Testing Language Model Agents Safely in the Wild

Authors: Silen Naihin, David Atkinson, Marc Green, Merwane Hamadi, Craig Swift, Douglas Schonholtz, Adam Tauman Kalai, David Bau

What

This paper proposes a framework for conducting safe tests of autonomous language model agents on the open internet by introducing a context-sensitive safety monitor that can identify and stop unsafe agent actions.

Why

As language model agents become increasingly capable and prevalent, it’s crucial to ensure they are tested safely in real-world environments to prevent potential harm and build trust in their deployment.

How

The authors developed a dataset of agent outputs, including manually crafted unsafe examples, and designed a safety monitor (AgentMonitor) based on GPT-3.5-turbo. They trained and evaluated the monitor’s ability to identify and stop unsafe actions using various parameters like task context, previous actions, and whitelists.

Result

The AgentMonitor achieved promising results on a test set, with an F1 score of 89.4%. Ablation studies revealed that access to the agent’s previous context was crucial for the monitor’s performance. The authors also highlighted the need for well-specified threat models and comprehensive example sets for few-shot learning in the monitor.

LF

The authors identify limitations such as the need for larger, better-categorized datasets of attacks and a clearer distinction between off-task and unsafe outputs. Future work will focus on improving the AgentMonitor’s ability to make this distinction, minimizing the need for human intervention in safe testing.

Abstract

A prerequisite for safe autonomy-in-the-wild is safe testing-in-the-wild.

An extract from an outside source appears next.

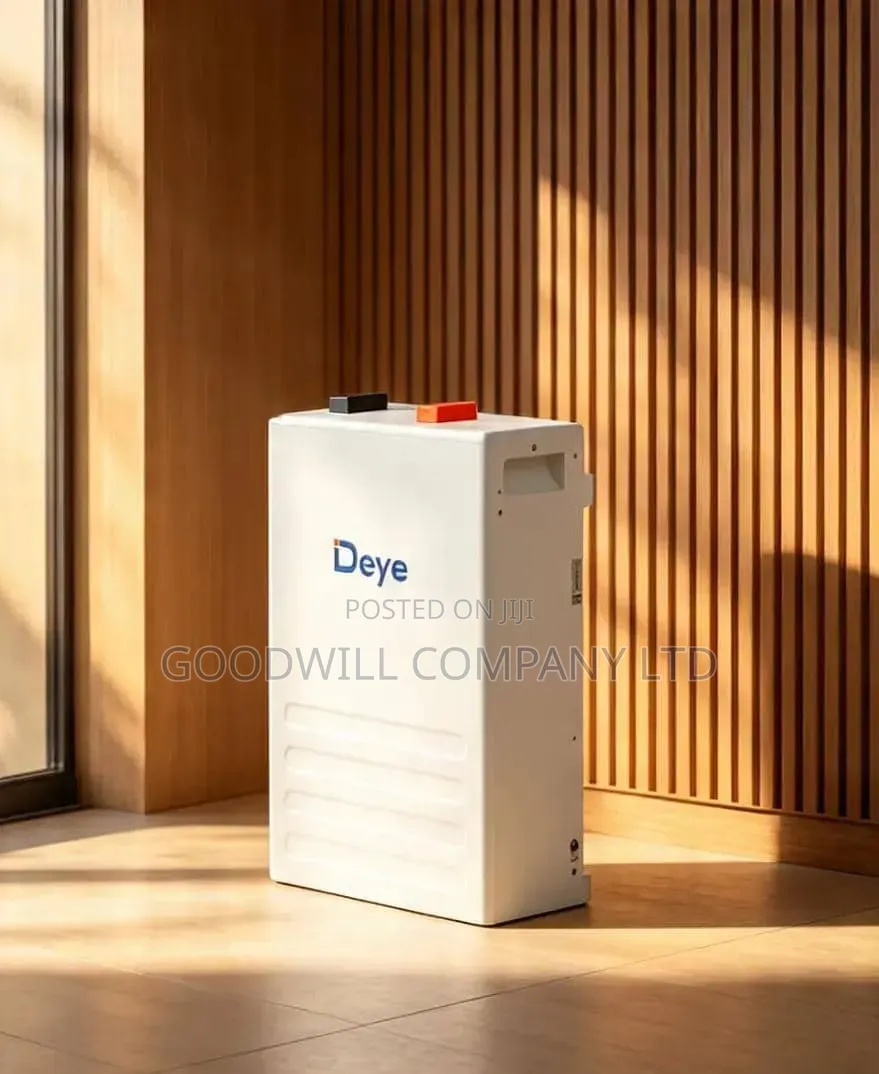 5Kwh 48v Wall Mounted Deye classA Lithium Battery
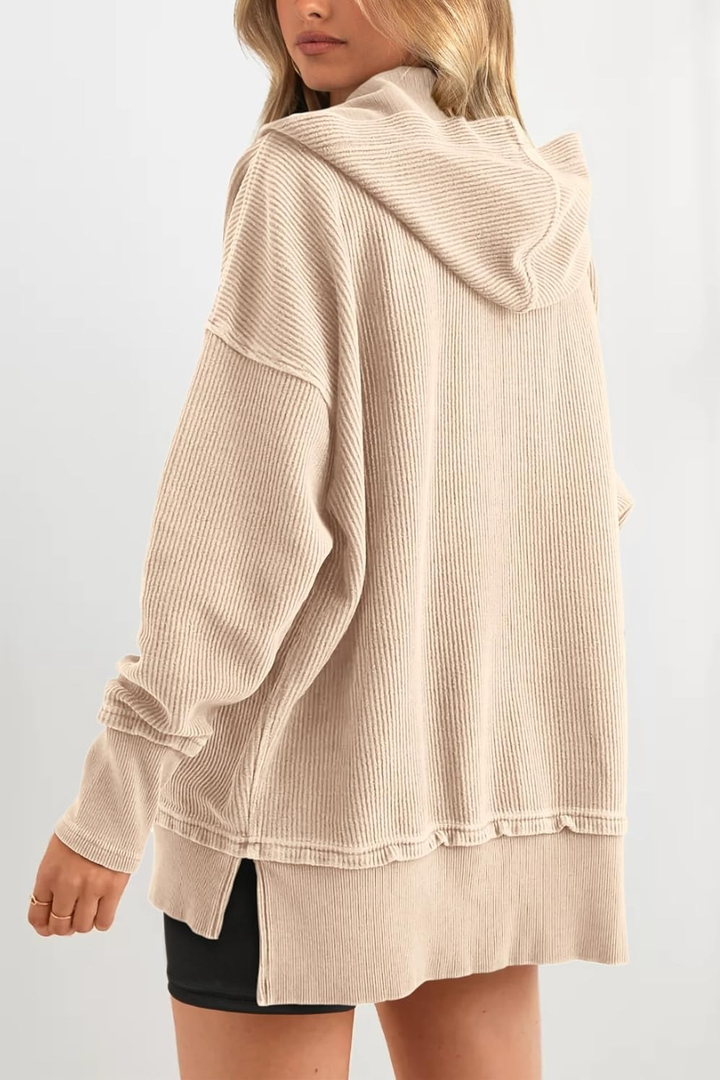 Rosalia Oversized Hoodie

Yet real-world autonomous tests face several unique safety challenges, both due to the possibility of causing harm during a test, as well as the risk of encountering new unsafe agent behavior through interactions with real-world and potentially malicious actors. We propose a framework for conducting safe autonomous agent tests on the open internet: agent actions are audited by a context-sensitive monitor that enforces a stringent safety boundary to stop an unsafe test, with suspect behavior ranked and logged to be examined by humans. We design a basic safety monitor (AgentMonitor) that is flexible enough to monitor existing LLM agents, and, using an adversarial simulated agent, we measure its ability to identify and stop unsafe situations. Then we apply the AgentMonitor on a battery of real-world tests of AutoGPT, and we identify several limitations and challenges that will face the creation of safe in-the-wild tests as autonomous agents grow more capable.